At 10:50 AM, Northeast Direct Train 94 arrived from Newport News. We boarded the Business Class coach and left promptly at 11:00 AM. I wondered if the off-again-on- again Business Class amenities would be available. There were no announcements made about services or amenities in Business Class, there was no car attendant, and the conductor made no comments when he collected our tickets, but there was a stack of Washington Posts and USA Todays in the baggage bin. At noon, just as we began thinking of lunch, the snack car attendant announced that the snack bar would be closed while he took his lunch break.

Travel Tip: Don't depend on snack bars on Amtrak trains to be open at the usual times when passengers might be thirsty or hungry. From our experiences snack bars tend to be closed at lunch times, cocktail hours, and after dinner so that the attendants can take their breaks. Try to anticipate your hunger pangs or thirst and go to the snack bar to stock up with food or beverages before customary snack times, meal times, or cocktail hours. Or if you prefer, bring your own bottle and snacks, and ask your sleeping car attendant to bring ice and setups. He will usually have ice, soft drinks, and water in his own sleeper, and not be dependant on the vagaries of snack bar attendants. Also be aware that snack bars are not open when you board the train at its point of origin, nor do they stay open to their destination. The attendant will make an announcement when he is ready to open after the train leaves its point of origin. It usually takes him about an hour to get ready to open for business. He will also announce the closure of the snack bar prior to the train reaching its destination. He usually likes to have anywhere from one hour to one and a half hours to close up his snack bar so that he can disembark immediately after arrival.

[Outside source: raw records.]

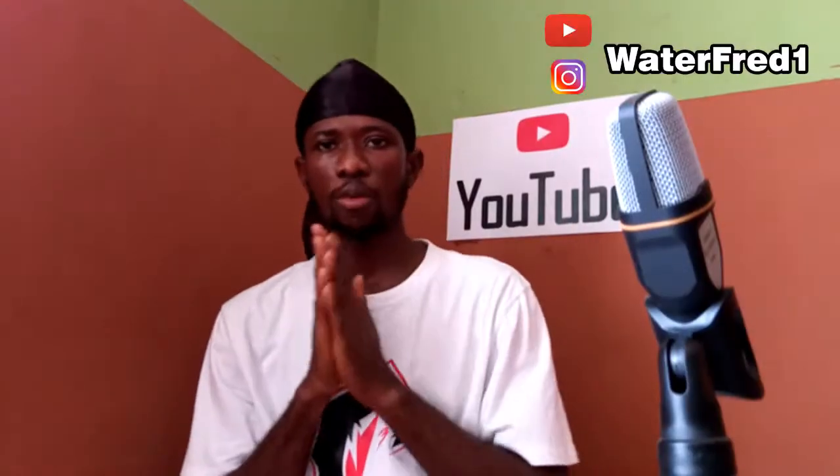I know by now some of you will be scared like, online store? Website? So for those that don't follow my channel and might be wondering...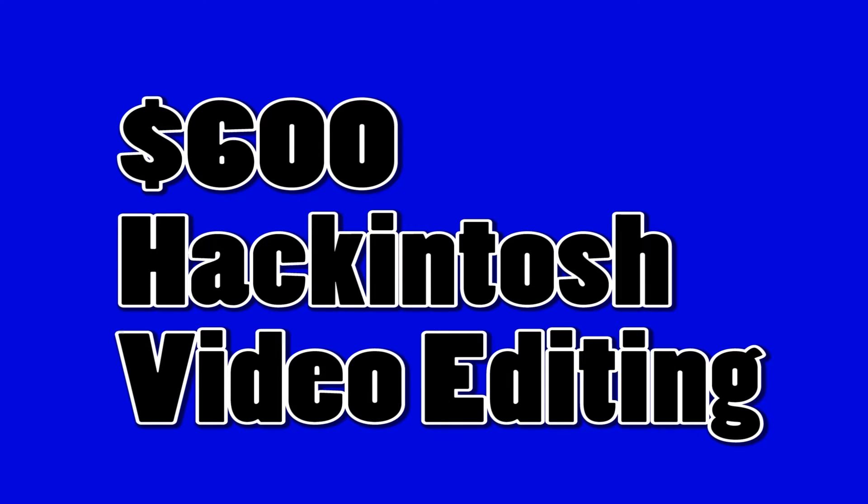Hey guys, my name is Oliver Leopold, and I'm here to give a really big announcement about a cool series I'll be doing. This is the first video and it's just the announcement and all my plans. I'm announcing my $600 Hackintosh for video editing PC build, and I'm so excited to do this.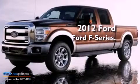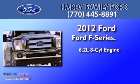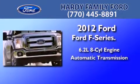This is a brand new 2012 Ford F-Series. It has a 6.2 liter 8-cylinder engine and an automatic transmission.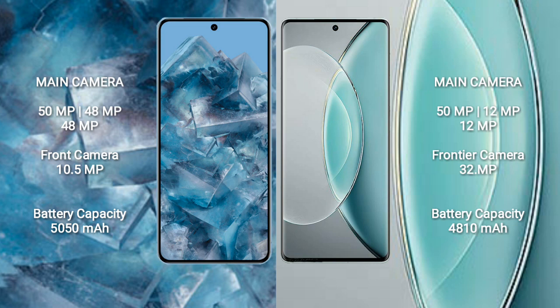The Google Pixel 8 Pro features a triple camera setup: 50 MP plus 48 MP plus 48 MP, and a front camera of 10.5 MP. The Vivo X90s features a triple camera setup: 50 MP plus 12 MP plus 12 MP, and a front camera of 32 MP.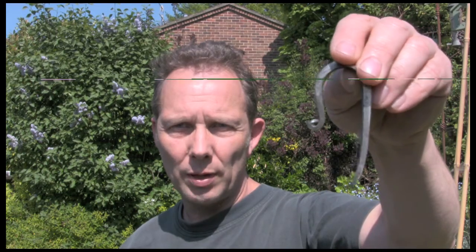Hi. I just thought I'd show you this that I knocked up the other day — yesterday, or the day before. It's a flint striker. I don't know if you can see that very well. I don't know why I made it. I just saw one on eBay and thought, I can make one of those. It's just made out of a flat file, an old one. It's not very big — an odd shape because the file wasn't very big. I made it so it fits around my knuckles quite nicely.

At 12:15 PM I approached the snack bar attendant just as he returned to his post and just before he made his announcement that he was returning to work, thus being at the head of the huge line of hungry passengers moving in from the coaches ahead. I brought back to our seats an excellent turkey sandwich and a ham and cheese sandwich, with a can of sparkling water. We enjoyed our lunch while passing through extensive swamplands fringed by brightly-colored fall foliage, and cruising along the edge of an arm of Chesapeake Bay. Browsing through a Washington Post for awhile, I was soon gratified by our on time arrival into Washington. Our connection with the Capitol Limited, scheduled to depart for Chicago at 4:05 PM, was assured. A Red Cap was on the platform with a cart to carry our luggage to the first-class Metropolitan Lounge.

We checked in and requested Red Cap assistance for boarding Capitol Limited, then settled down to check and send our e-mail. Unfortunately, this lounge, unlike the Chicago and Portland lounges did not have a work station with a phone line. Instead I was directed to a coffee table with an AT&T pay phone with "data capabilities". However I could not figure out how to connect my laptop to a pay phone and my Sprint PCS cell phone does not have a signal inside buildings. Once aboard the train I was able to link my laptop to my Sprint PCS and collect my e-mail before we pulled away from Washington and out of range.

We made reservations for 5:30 PM dinner, which was served on real plates by an efficient and pleasant dining car staff, set our watches for Central Time, and settled into bed. The track was rough, but we were not subject to delays this time, and soon were fast asleep. We arrived on time in Chicago!